The Great Below

living the feeling life

On expressing feelings

Notes for an apocalypse D.Tanning

“Notes for an apocaypse” Dorothea Tanning

Like many people, I find it very hard to feel my feelings – this despite many years of psychotherapy, and working with mind-body connections as an Alexander Technique teacher.

What I tend to do is ‘put’ them somewhere in my body where they will eventually cause trouble, but at the time cannot be consciously accessed: it’s called somatising.  I learned this about myself  at the age of eighteen when I had to leave my job as an au pair in Paris at very short notice, with nowhere else to live. I felt perfectly calm and breezy about it in my mind, but woke up on the morning of the move vomiting non-stop.
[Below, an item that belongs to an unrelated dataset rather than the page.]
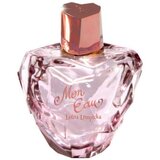 Parfem za žene Mon Eau Lolita Lempicka EDP EDP Cijene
I’m sure it’s part of a very deep-seated, and quite possibly inherited, pattern of survival from growing up in a family and a culture where expressing feelings was (and still is) discouraged, if not forbidden. If you can’t express feelings safely, without other people getting upset or angry rather than just acknowledging how you feel – witnessing, if you like – then they must be shut off and dealt with another way. This is very often through disrupting the functions of the body: breath-holding, muscle-tightening, gut-churning etc. These patterns become so much a part of us we cease to notice the effects, let alone understand the underlying emotional stimulus.
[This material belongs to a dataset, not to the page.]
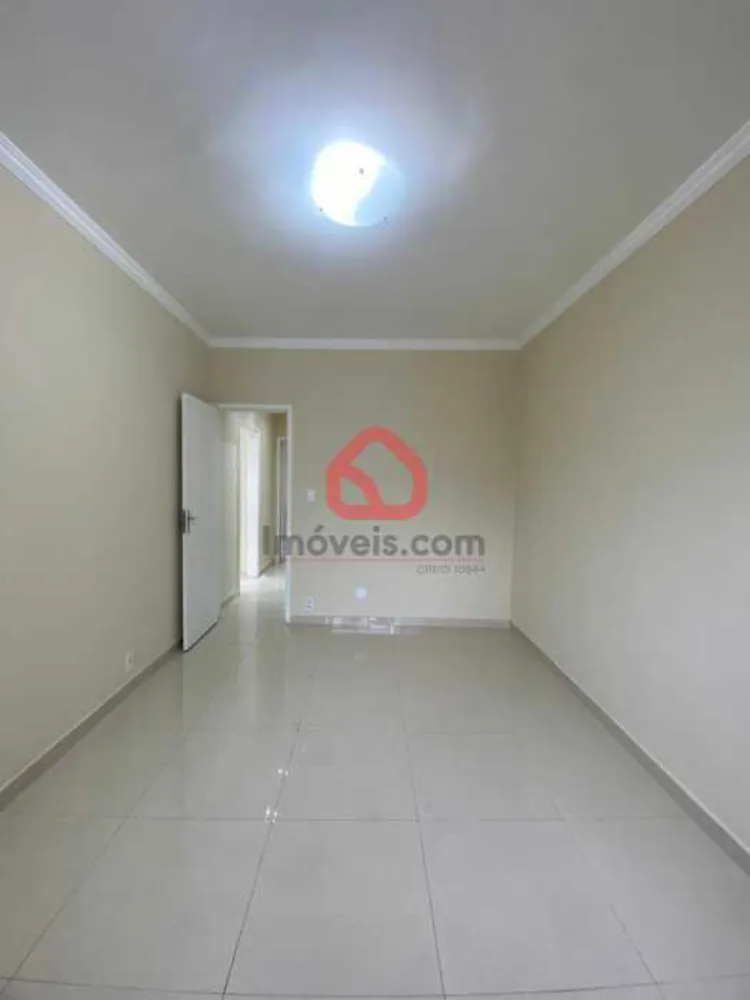Apartamento, 2 quartos, 60 m² - Foto 10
A couple of weeks ago was the tenth anniversary of my husband’s death – a momentous day which I negotiated in a mood of gentle wistfulness. I visited his grave with a friend, then we had lunch and a walk in the sunshine. I didn’t feel particularly sad. But that night I began to feel quite sick, and by the next morning had bad diarrhea, stomach cramps and a feeling of exhaustion. Now, I know from other people that there was a bug ‘going around’, but I also know that my body tends to react to anything it perceives as stress (including, sometimes, excitement) with an illness response. I spent most of the next day lying in bed and in the afternoon I deliberately watched a sad film to try and bring myself to tears, feeling that letting them out might help. But it didn’t work: I remained strangely unmoved.
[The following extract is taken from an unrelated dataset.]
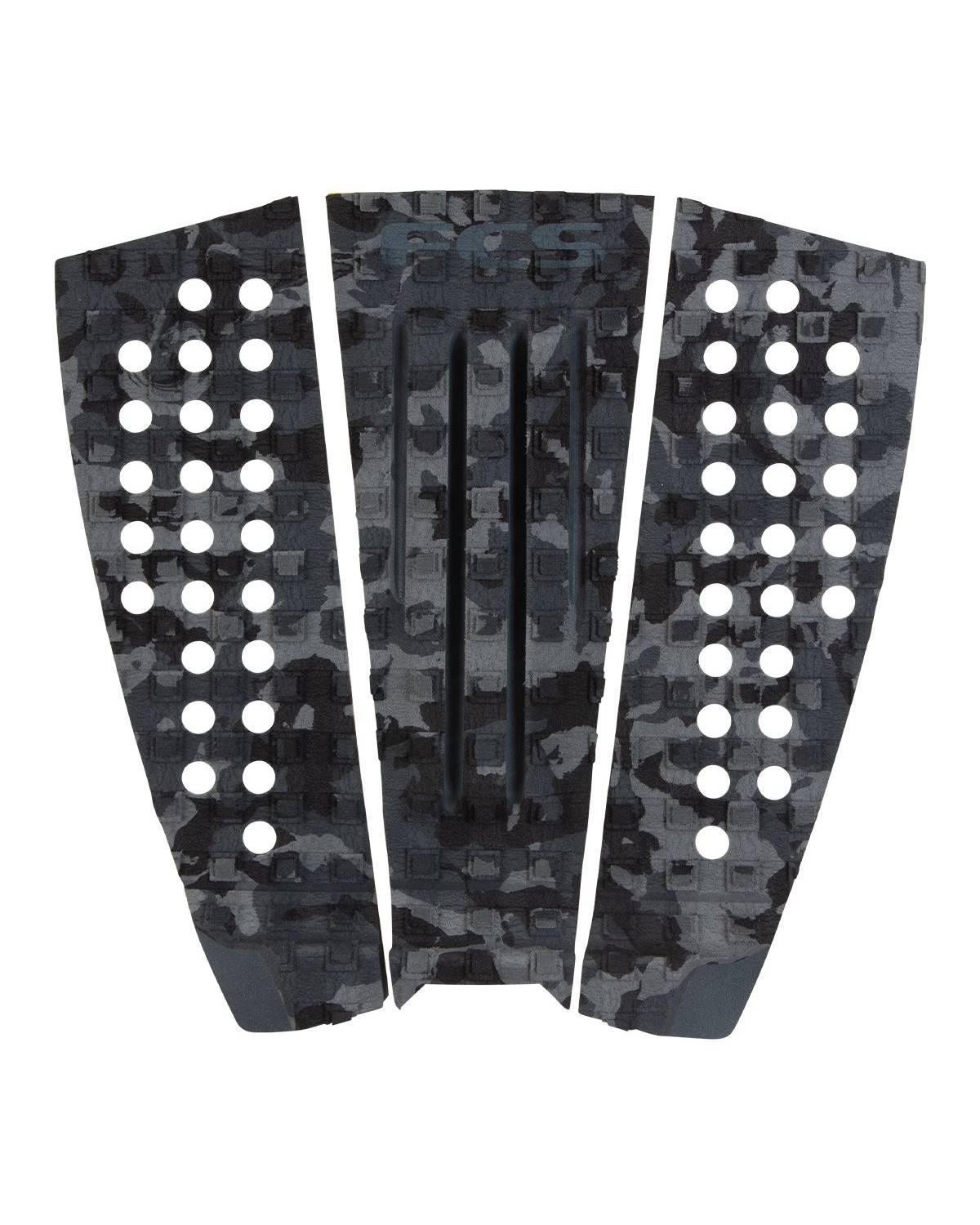 Julian Wilson Tail Pad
What finally brought me to tears was, to my astonishment, the announcement of the outcome of the Scottish Referendum a couple of days later. I held no particularly allegiance in the debate – indeed I secretly rooted for both sides, on different grounds. But something about it being “all over”, the sudden release of tension, moving from uncertainty to certainty, the bitter disappointment of those on the losing side, the anticlimax that there would be no momentous change  – all of this combined to keep me in a high state of emotion throughout the day. I could not tell you what part of the mix relates to my grief, or how, but I’m perfectly sure that it does.